I set a few goals for myself this past Memorial Day weekend, including: spend time with myself, finish the “unputdownable” (and I use that in a tongue-in-cheek way – have you noticed the upswing of use of this term in publishing lately? I think it’s rediculous, personally) book I started, clean up the apartment, go to the park and throw the frisbee around.And, perhaps most importantly: to go through the boxes underneath my bed.
My bed is up on risers, partly, I admit, because I like higher beds (better angles that way) but also partly because in my former three-hundred-square-foot-apartment-with-no-closets, I needed storage space. So when I moved in, much of those boxes that I didn’t have time or space or appropriate fixtures to unpack ended up shoved under the bed. Some of them, like boxes of old journals and boxes of photographs, will probably stay down there, or stay in ‘storage’ in general, but others I knew I needed to go through.
This is what I found:
Two boxes of clothes, including three sarongs, sarong pants, two Ani Difranco tee shirts, four spaghetti-strap tank tops with things like “cunt” and “fruit” on them, two Alix Olsen tee shirts, my letter sweater from high school, a sweatshirt from my pre-school (that was a gift after I left home, not from when I was actually in pre-school), and the blue “diesel dyke” jacket I used to wear nearly every day
A small shoebox of stuffed animals, small ones, that I’ve collected or been given over the years
Two boxes of CDs. This is a problem, actually, because I don’t have any CD storage unit anymore, and I’m not really sure what to do with the hundreds of CDs I have. I should probably go through them and rip them into digital music and get rid of them, at least half of them or so, the ones that I don’t really care to have, but my desktop computer is on its last legs, and needs a serious upgrade, so that has to happen first.
Hats – five baseball caps, one cowboy hat, one top hat from halloween years ago. I don’t really wear hats.
Two boxes of electronic chords and gadgets, including two (dead, I think) CD players, a landline phone (will I ever need one of those again?), CAT cabling, various power chords for who-knows-what devices …
Three shoe-boxes, what I tend to refer to as “memory boxes,” containing things like ticket stubs for concerts, movies, and plays; birthday cards and letters; notes from friends and lovers; notes-to-myself scraps of paper when I didn’t have my journal with me, likely scribbled at concerts, at museums, or bars; photographs; nametags or laminated passes for when I was a volunteer for theatre or film festivals … you get the idea. All sorts of scrapbook-type bits of paper, things I wanted to remember that I did.
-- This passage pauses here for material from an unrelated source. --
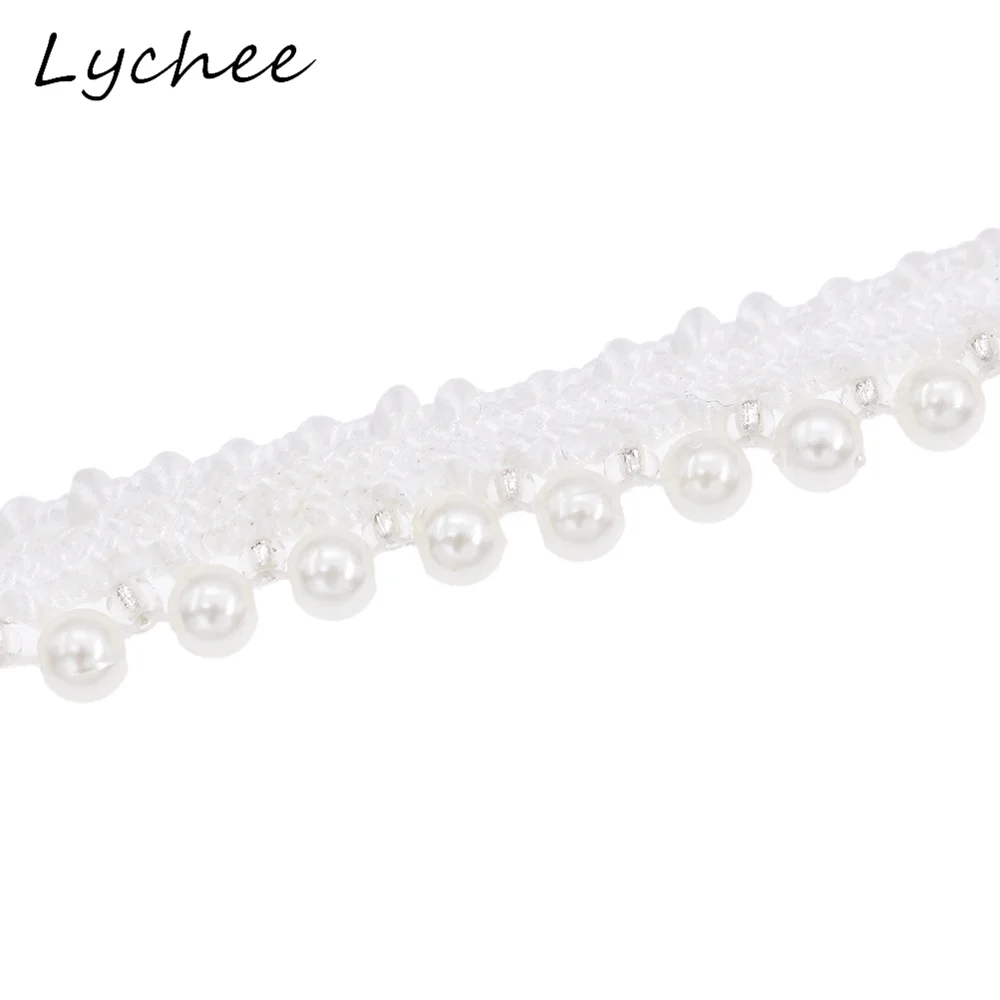 Lychee 1 ярд имитация жемчуга отделка из бисера Край ленты ткань для дамы свадебное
Why do I save these things?, I asked myself. Partly, it’s for exactly this experience of going through them, remembering those fun events and moments of my life that were significant. I consolidated those three shoeboxes of memories into one larger hat-box sized box, and it overflowed a little, so I went through some of it, throwing enough of it away that it would fit. I’m kind of sad to throw them away, actually, because that act of going through the box is exactly the reason to keep it. But will that stuff ever be of value to anyone but me? Does that matter? I’m not much of a scrapbooker, but I suppose I could be, or perhaps I should be, if I want to keep all of this … stuff. Is that necessary, though? Do I need to keep my ticketstub for Ocean’s 11 and Border/Clash and Ami Lagendre’s dance performance from 2002? If I can’t remember that I went, were they really all that significant?I also ran into all kinds of notes from past loves, really sweet cards and thoughts and moments from those relationships. Why do I hold on to those things? Do I really want to go back to them, relive them later? I only feel sad, they make me ache a little. Do they really have a purpose, is there a need for them in my life? I’m not sure. I can’t really think of why I might need them. But somehow, I can’t quite let go of them either.
My impulse is to organize all this data, take the fragments and put them chronologically into a book, a scrapbook, and construct a life from them. I guess that’s what I always thought I’d do with them. But do I really want to spend time doing that? Obsessing over and organizing my past? What would that really do? I’d end up with a book, a creative scrapbook of some of the things in my life that mattered. Who would look at it, besides me? Would I even look at it?
I took some of the boxes down from the shelf in my closet, too. There is still more work to do with the boxes under my bed, but I compiled a few boxes, sorted through half the clothes, have two boxes now to give away or donate (if I can ever figure out how to do that here in Brooklyn).